[TASK DATA Boundary: Start]

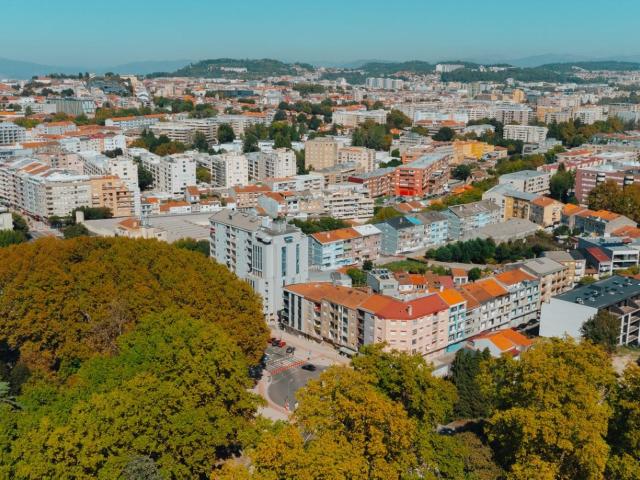 T3 + Sótão | Av. Liberdade, Braga | Remodelação em fase de acabamentos com projeto de arquiteto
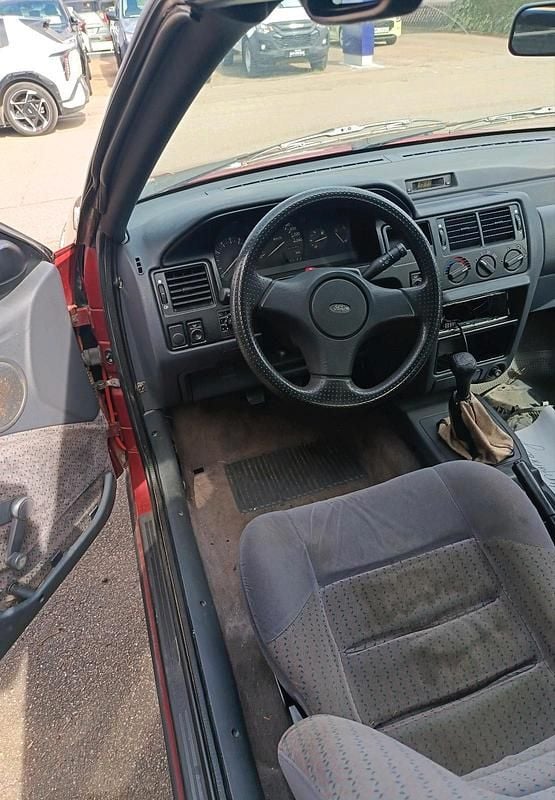 Gebraucht Ford Escort Cabriolet 105 PS (77 kW) 1992 Rot Cabrio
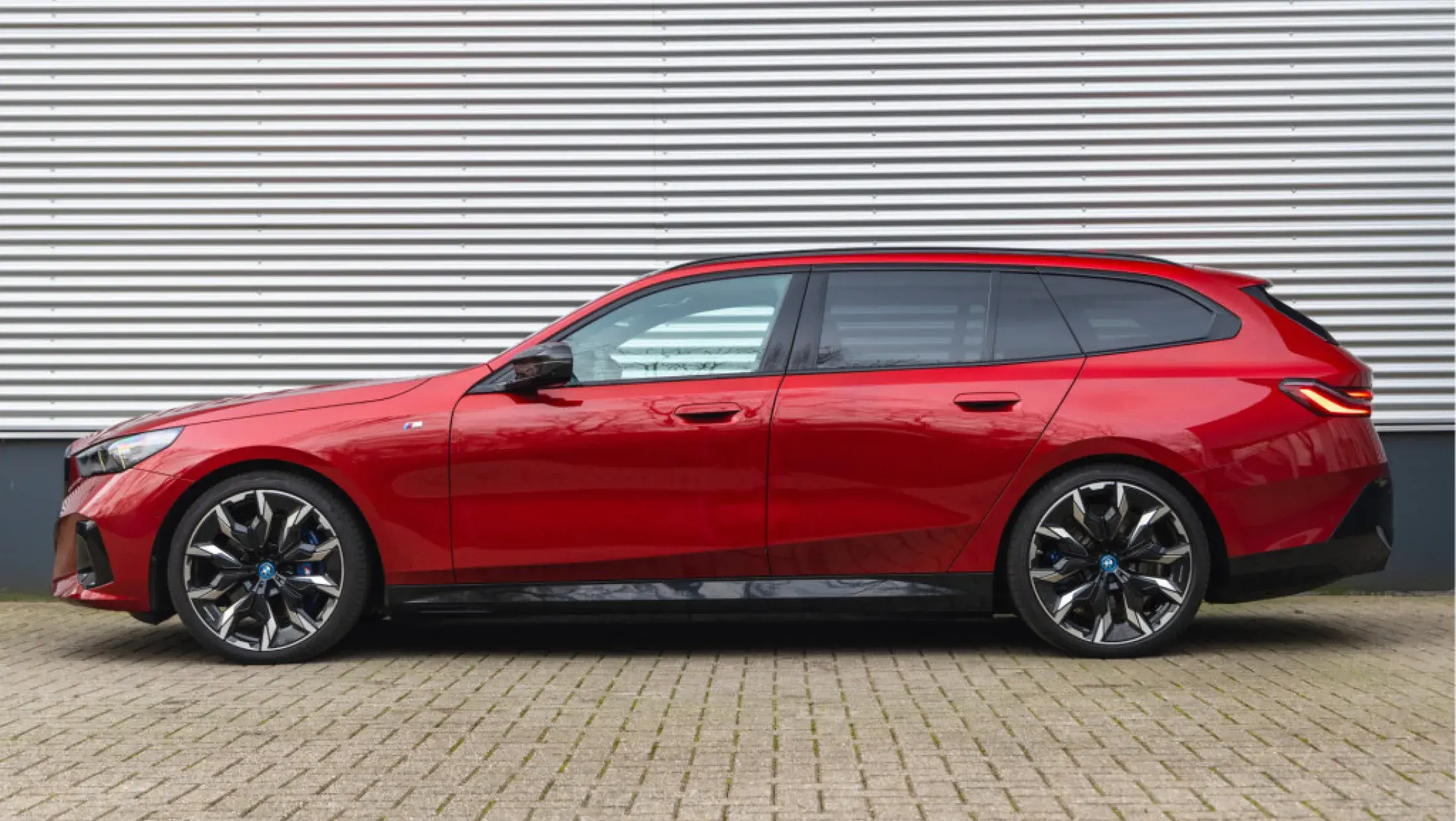 BMW i5 Touring M60 G61 Fire Rot metallic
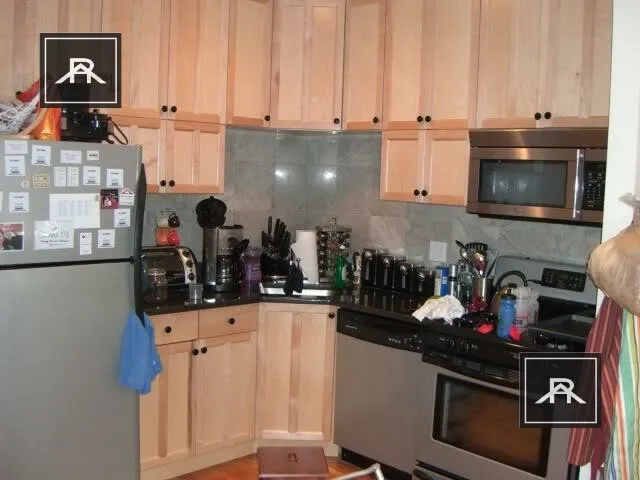 4 bed, 2 bath apartment for rent at 191 Winthrop Rd Unit 5, Aspinwall Hill — photo 1 of 10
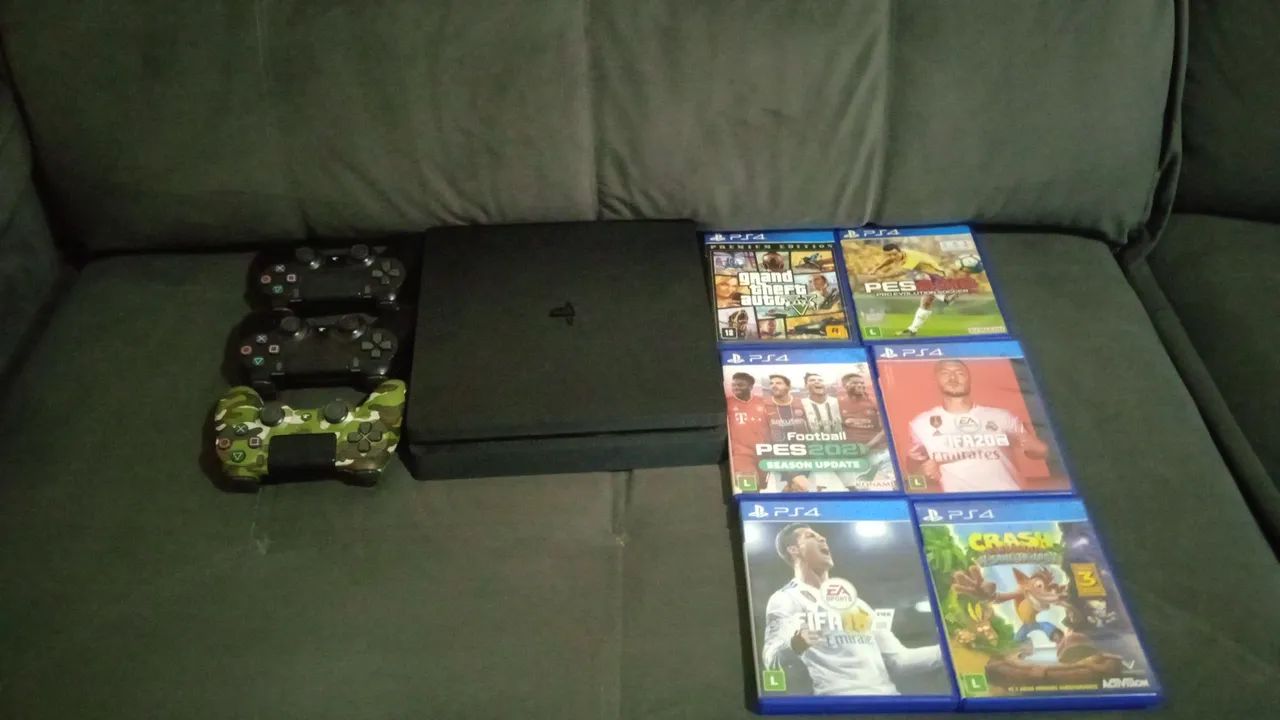 PS4 com 3 Controles e  6 Jogos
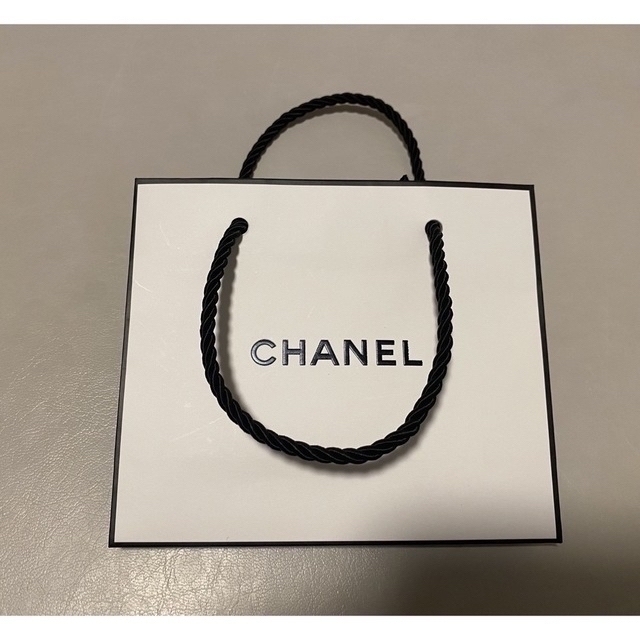 CHANEL(シャネル)のシャネル　サンプル3点　紙袋　ミニ　小　ショップバッグ コスメ/美容のキット/セット(サンプル/トライアルキット)の商品写真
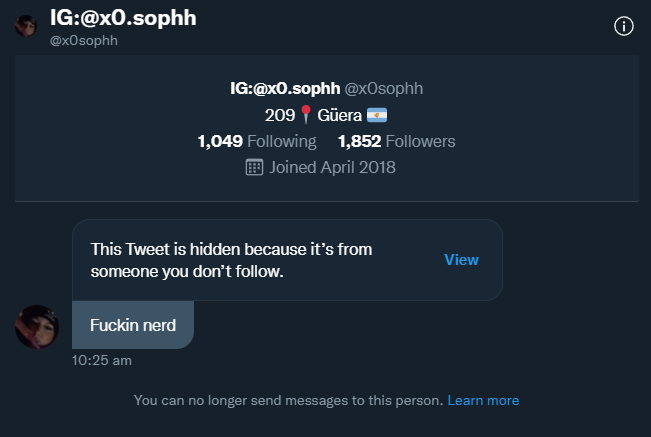 fortnitehub's tweet photo. @x0sophh Why you DMing random people telling them they're nerds and then blocking them? Very weird. https://t.co/9HbTVSbIyw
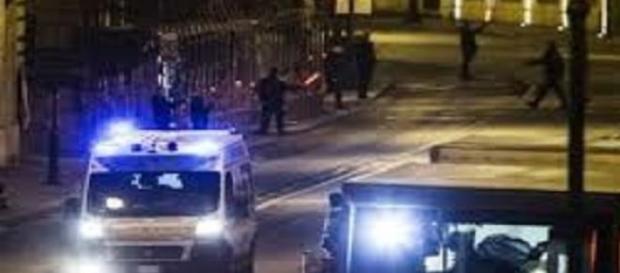 L'arrivo dei soccorsi sul luogo dell'incidente. L'arrivo dei soccorsi sul luogo dell'incidente.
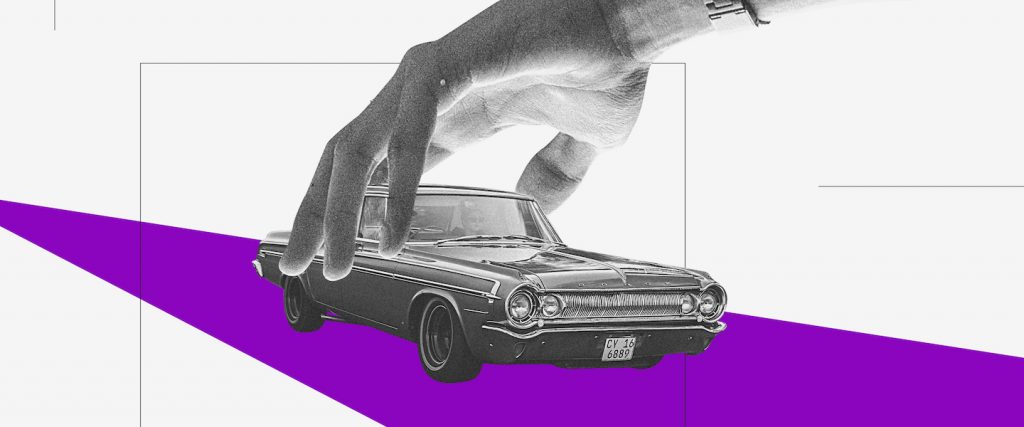 Franquia de seguro: uma mão pegando um carro de cima sobre uma pista roxa
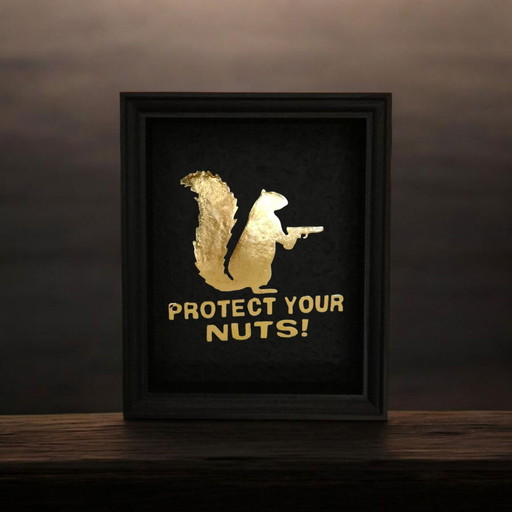 23kt Goud Kunstwerk Protect Your Nuts Verguld in Lijst StreetArt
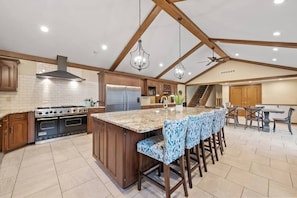 Fridge, microwave, oven, stovetop - 12,000 Sq Ft Luxury Mansion | Events & Weddings (Medina)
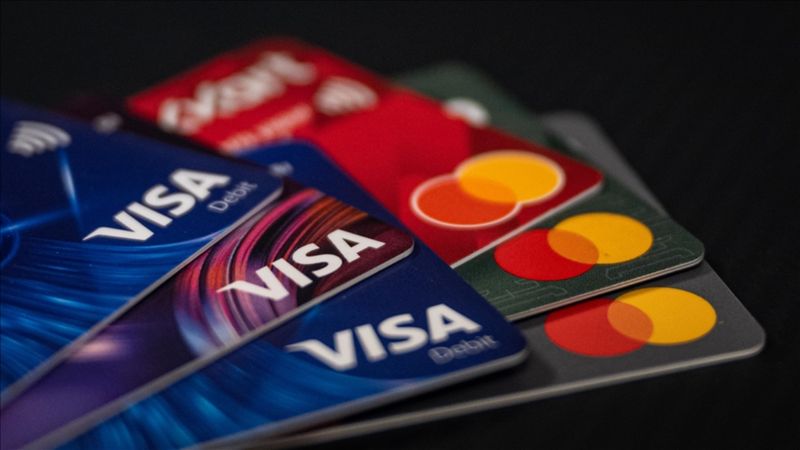 Merkez Bankası kredi kartı faiz oranlarında indirime gitti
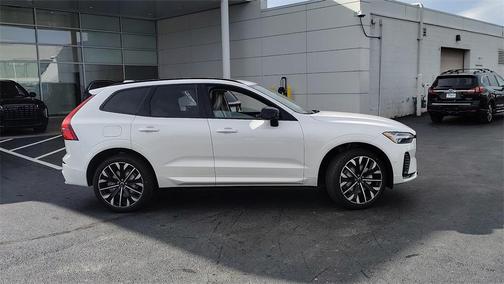 2026 Volvo XC60 B5 Ultra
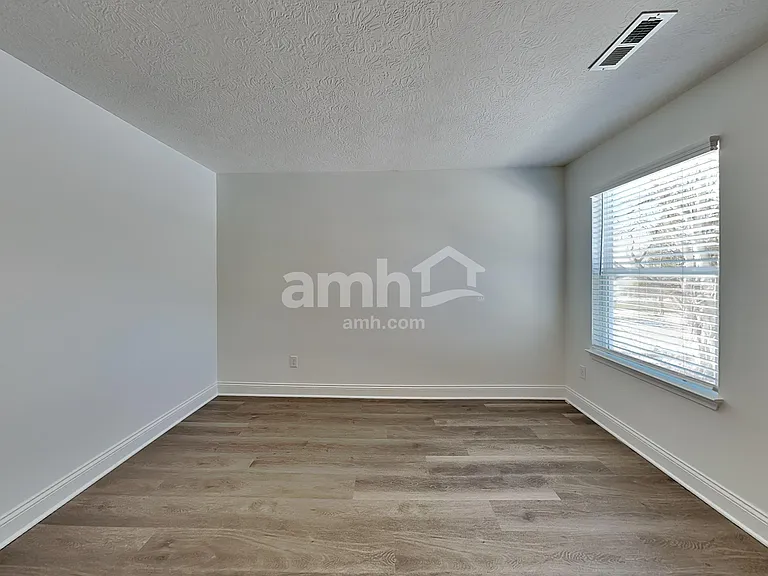 1076 Broyles Xing — Photo 15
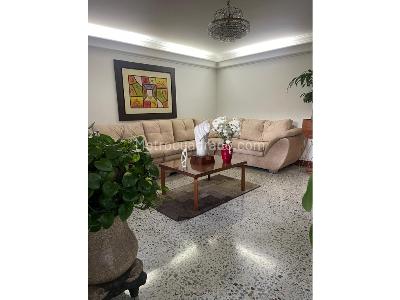Apartamento de 4 alcobas en venta en Laureles, Medellín, 210 m² · foto 3 de 20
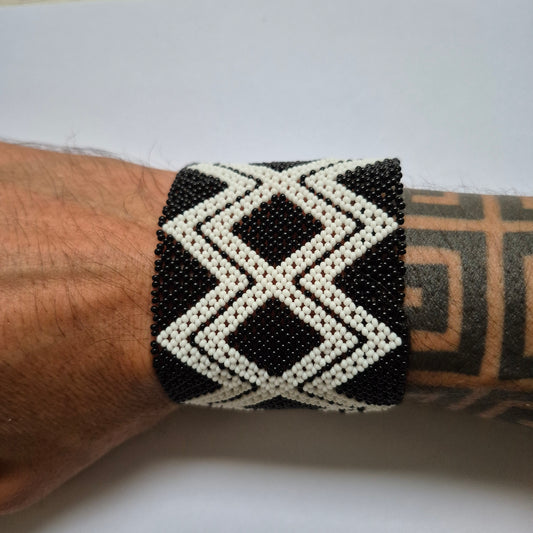 Pulseira de Miçanga fio Elástico Povo Waura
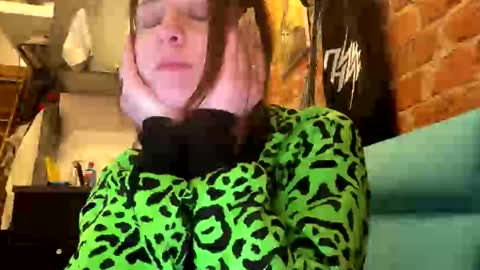 Snapshot of steph_sweet chatting on 01.06.25 Emma online show from 01.06.25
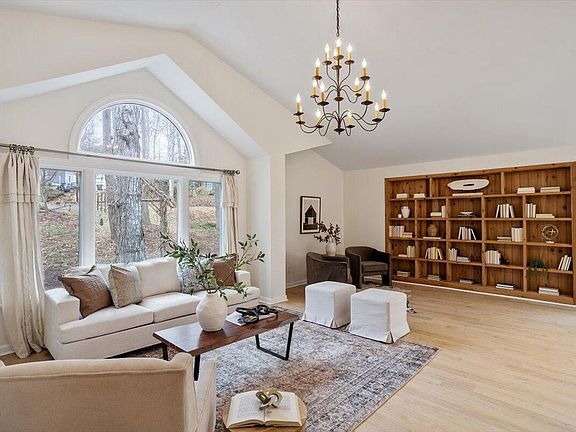 5th image of 201 Wild Oak Ln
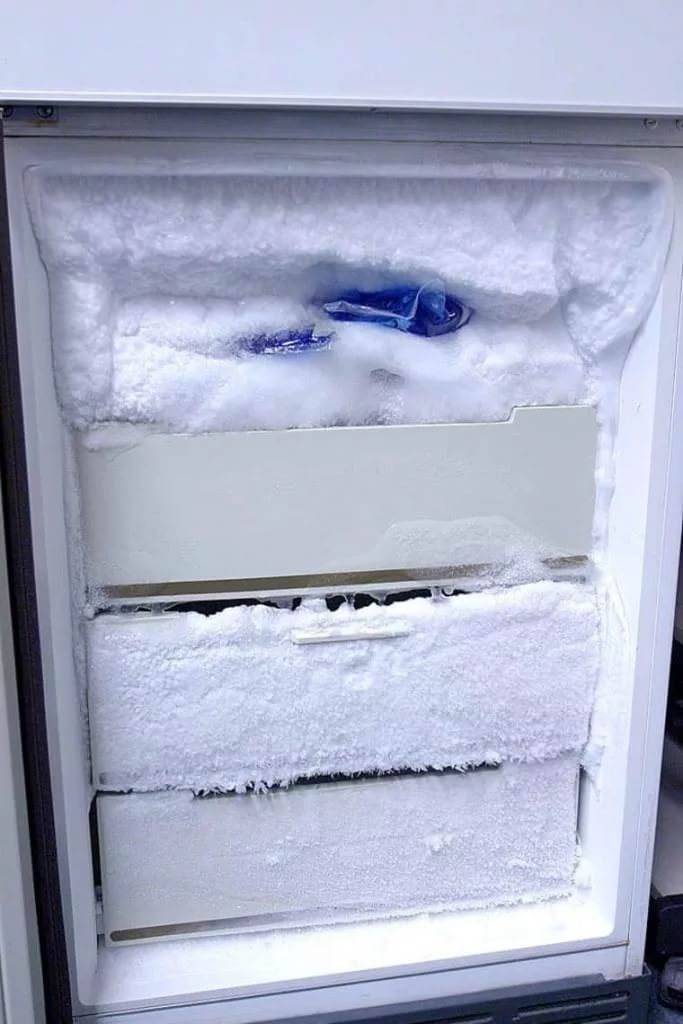 Как разморозить холодильник правильно и быстро?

[TASK DATA Boundary: End]

## TASK PROMPT
Word for word and without pictures, please write out only the lines from the start of the entries through the line containing "PS4 com 3 Controles", both included.

## SOLUTION FOR THIS TASK
 T3 + Sótão | Av. Liberdade, Braga | Remodelação em fase de acabamentos com projeto de arquiteto
 Gebraucht Ford Escort Cabriolet 105 PS (77 kW) 1992 Rot Cabrio
 BMW i5 Touring M60 G61 Fire Rot metallic
 4 bed, 2 bath apartment for rent at 191 Winthrop Rd Unit 5, Aspinwall Hill — photo 1 of 10
 PS4 com 3 Controles e  6 Jogos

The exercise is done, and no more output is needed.